Gizlilik: Hoş bir hatıra
Eskiden ”vay şununla görüşmüştüm” yahut ”ben öyle biriyle görüşmedim” diyenler ne şanslıydı. Artık telefon sinyalleri, görüntü kayıtları var. İyi ki de var! Yalancının mumu bellektekiler açığa çıkana kadar yanıyor artık. Gizlilik bir lüks, bir şans artık. Ne var ki şayet gelişmiş bir devletseniz gizli iş görmeniz gittikçe zorlaşıyor. Birbirini kayıt altına alan bürokratik kayıt silsilesiyle tescilleniyor her şey. Devlet ciddiyeti dediğimiz şey, kayıtlı, hukuki ve planlı olmak değildir de nedir zaten? Gizlilik devlet ciddiyetine takılıp kalıyor. En gizli iş için bile yığınla emir gidip gelecek. Eski filmler, diziler ne naifti! Bürokrasiden sıdkı sıyrılmış bir bürokrat, bir avuç idealist genci toplayıp onlara görev tevdi ederdi: ”Bir şekilde yakalanacak olursanız, tek başınasınız” yahut ”gizli bir birim kurduk, devletten de gizli”. Devleti saf bir demokrat gibi resmeden bu anlatılar eğlenceli elbet. Ne var ki, gerçeğe bütünüyle aykırı bir tablo bu. Devlet dediğiniz Tanrı’nın yeryüzündeki gölgesidir. Her şeyi bilmek ister, her şeyi görmek, her şeye karar vermek ister. İster de ister. Çoğunu da yapar. Her şeye karar veremese de iki kişinin bildiği sır değildir artık. Şah damarından yakın olmasa da kişilerin sağında, solunda, ötesinde yahut berisinde bir çift göz vardır muhakkak. İşte o gözler, kimi zaman bir bürokratın kimi zaman bir suçlunun kimi zaman bir jurnalcinin gözleridir. Brecht diyordu ya ”Parti’nin bin gözü vardır” diye. İşte o parti devlettir. Devlet her yerdedir. Her şeyi görür, bilir yahut her şeye tanıktır. Ne var ki, günahlardan münezzehtir. Bir yerde belirli konumları işgal edenler bir suç işlemişse o suçu ”devlet adına” işlemişlerdir. Yani kendilerini devlet yerine koymuştur, yoksa haşa devlet suç işlemez. İşte bu soyutluk sayesindedir ki devlet ayakta kalır, kalmalıdır. Aksi takdirde, devlet bir suç girdabına sürüklenir, suç meşrulaşır, dünyanın direği çatırdar.
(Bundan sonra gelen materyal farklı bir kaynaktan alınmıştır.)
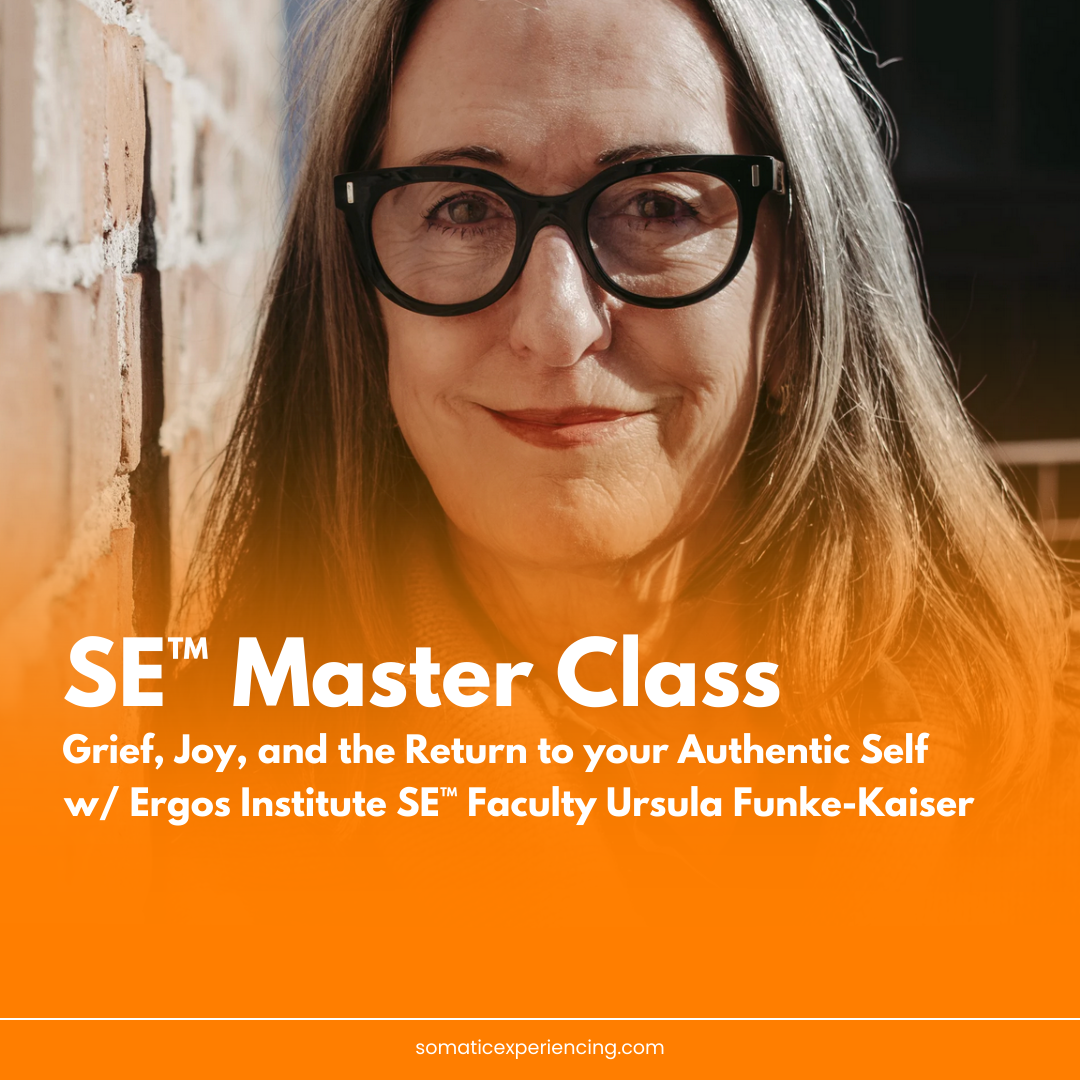 SE Norway Presents: SE™ Master Class Grief, Joy, and the Return to your Authentic Self w/ Ursula Funke-Kaiser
Kayıtlı gizliliktir ”derin” dediğiniz
Ne var ki, birilerinden gizli faaliyetler olduğu da açık. Bunların olması gerekir mi? Bu çağda bunların olması bir gerekliliktir elbette. Fakat bunlar ortaya çıktığında birilerinin sorumluluk alması gerekir. ”Devlet adına” ve ”devletin bekası için” hukuk dışı iş yapanın devletin ardına saklanması doğru değildir. Madem bu kadar bağlıyız devlete, devlet korunmalı, ”devletin bekası için” hukuk dışı iş yapanlar devleti korumak için faaliyetlerinin arkasında durmalı. Aksi takdirde, buna ”devlet için” denmez. Devlet, adalet, özgürlük kendi adına kan dökmez. Birileri bunlar adına veya bunlar için kan döker. Bu kavramların soyutluğu korunmazsa devlet fanileşir, birilerinin naçiz vücudunda tecessüm eder ve onlarla birlikte ölür. Oysa Batılıların dediği gibi ”Kral öldü, yaşasın Kral”: O makamı dolduran ölür, yaşasın o makam ve yeni varisleri.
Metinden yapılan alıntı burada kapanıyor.